FIG. 8 is an explanatory diagram showing an example of hyperlink weights.
FIG. 9 is an explanatory diagram illustrating an example of the weight of a hyperlink when there are a plurality of search routes.
FIG. 10 is an explanatory diagram showing an example of a hypertext search space together with hyperlink weights.
FIG. 11 is an explanatory diagram showing a partial search process during hypertext path search.
[Explanation of symbols]
DESCRIPTION OF SYMBOLS 101 Directory input part 102 Search condition input part 103 Path search part 104 Result output part 201 Origin point setting part 202 Link destination document extraction part 203 Category determination part 204 Weight calculation part 205 Path determination recording part 206 Search end determination part

Claims

A document category storage means for storing documents belonging to a category, a path search means, and a result output means, and a document that is a starting point is traced to a document that is a starting point by following a hyperlink between documents belonging to the category.
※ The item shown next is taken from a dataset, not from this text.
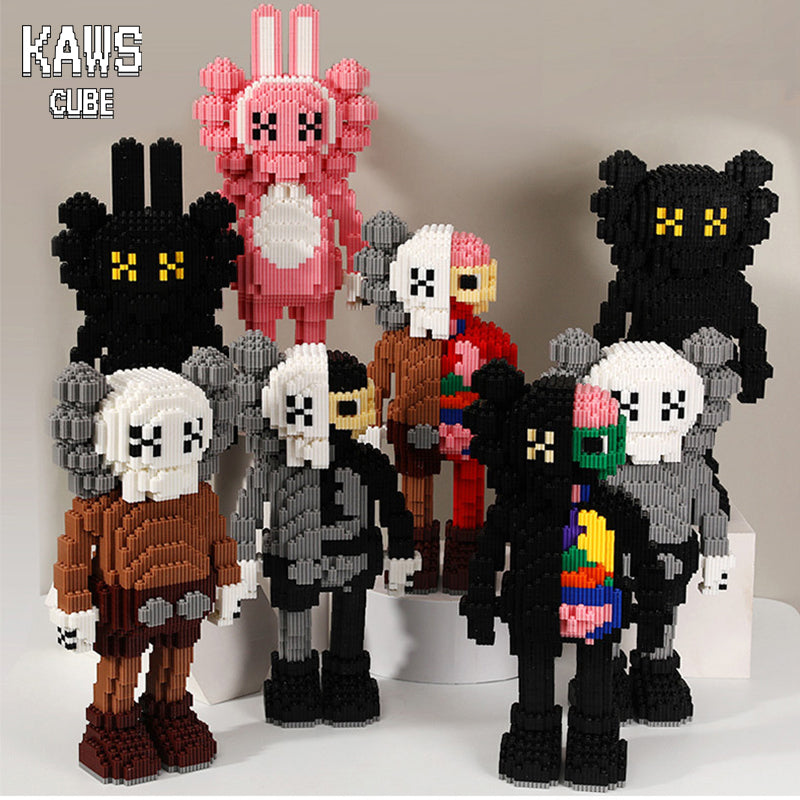 カウズ KAWS  Accomplice： block ブラック ナノブロック「400mm」0906-11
A route search method of a route search device for obtaining a path to reach,
A path obtained by assigning a weight to a hyperlink, searching for a weighted directed graph using the hyperlink weight value, and obtaining a path from the starting document to the end document by the path search unit Search process,
A result output process performed by the result output means for outputting a path obtained in the path search process, and
The weight of the hyperlink is
The relevance that is the similarity between the feature vector of the category of the link source document and the feature vector of the category of the link destination document, and the fitness that is the similarity between the feature vector of the category of the link destination document and the feature vector of the link destination document And a route search method characterized by being multiplied by the above .
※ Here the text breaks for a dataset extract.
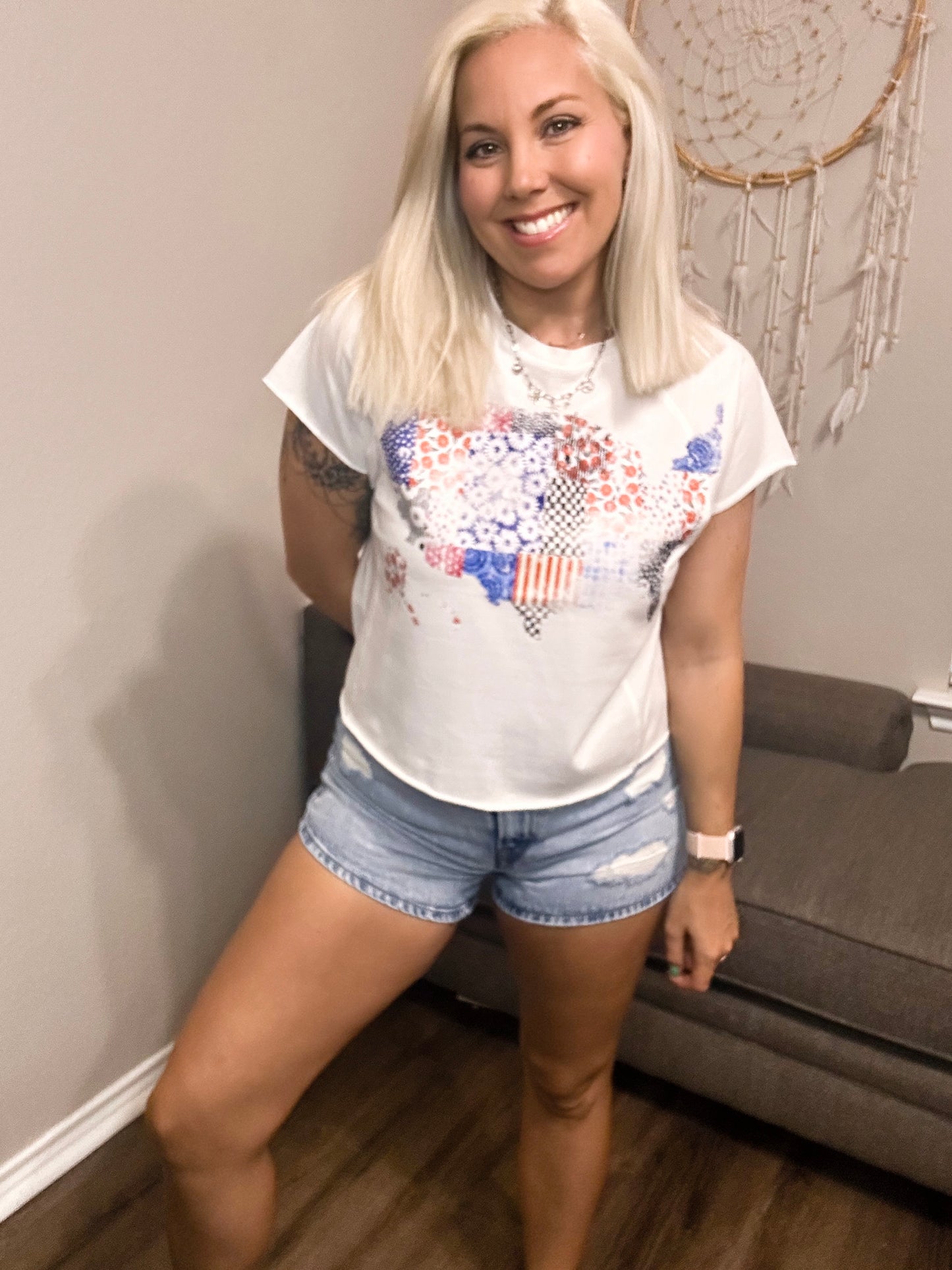 United States Edgy Tee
When the linked document belongs to a plurality of categories, the maximum weight value of the weights calculated for each category to which the linked document belongs is calculated in the calculation of the weight of the hyperlink used in the route search . The route search method according to claim 1 , wherein the route search method is used.

A route search device that obtains a path from a source document to a destination document by following a hyperlink between documents belonging to a category,
Document category storage means for storing documents belonging to the category;
A relevance that is a similarity between the feature vector of the category of the link source document and the feature vector of the category of the link destination document that are linked by the hyperlink, the feature vector of the category of the link destination document, and the feature vector of the link destination document Weight calculation means for calculating the weight of the hyperlink by multiplying the fitness that is the similarity by
Path search means for searching for a weighted directed graph using the value of the weight of the hyperlink and obtaining a path from the starting document to the ending document;
A result output means for outputting a path obtained in the path search process;
A route search apparatus comprising:

The path search means, when the link destination document belongs to a plurality of categories, in calculating the weight of the hyperlink used in the route search , out of the respective weights calculated for each category to which the link destination document belongs The route search device according to claim 3 , wherein a maximum weight value is used.

The program which makes a computer perform the route search method of any one of Claim 1 or Claim 2 .

A computer-readable recording medium on which the program according to claim 5 is recorded.